Zanki Zero: Last Beginning będzie raczej czymś bliższym Atlusowskim lochołazom niż powieści wizualnej. Na poziomie czystej rozgrywki łączy elementy survivalowe, którymi ostatnio dość głośno gardzę, z zajęciami typowo erpegowymi - zwiedzanie dungeonów, walki z potworkami, zbieranie materiałów. Osobiście nigdy nie odmówię dobrze zaprojektowanemu przedstawiecielowi tego drugiego gatunku z kamerą FPP (przypominam, że lada moment na 3DS-ie ukaże się odświeżone Shin Megami Tensei: Strange Journey!), więc byłbym wstępnie zainteresowany nawet gdyby nie był to tytuł od Spike Chunsoft i nie wiedziałbym, że najważniejszy będzie zapewne i tak scenariusz.

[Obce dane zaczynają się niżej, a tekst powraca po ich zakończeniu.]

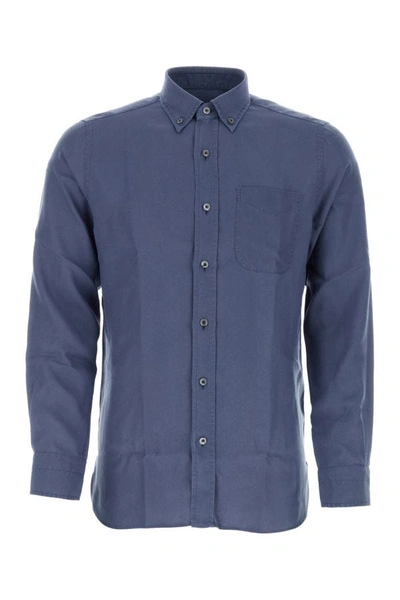 Shop Tom Ford Man Air Force Blue Lyocell Shirt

Zanki Zero: Last Beginning - GDC 2018 Trailer
To kolejna gra dewelopera, dla której punktem rozkminy jest koncept śmierci. Ośmiu bohaterów w postapokaliptycznym świecie "uwięzionych w niekończącym się cyklu życia i śmierci". "W zależności od tego, jak umrzesz, twój następny cykl może być wzbogacony o jakieś bonusy. Wykorzystaj każde życie w pełni" - czarują twórcy, a mnie od razu zapala się w głowie lampka skojarzeń z roguelike'ami. Króciutki zwiastun, który możecie obejrzeć powyżej, obiecuje zaś dość nietypowy, wakacyjny setting zapomnianego przez bogów świata oraz... masę wielgachnych cycków. Czymże bez nich byłaby na wskroś japońska gierka?
Daty premiery jeszcze nie znamy. Zanki Zero ukaże się na pecetach i PS4. Ale stawiam też piwko, że switchowa wersja zostanie zapowiedziana później.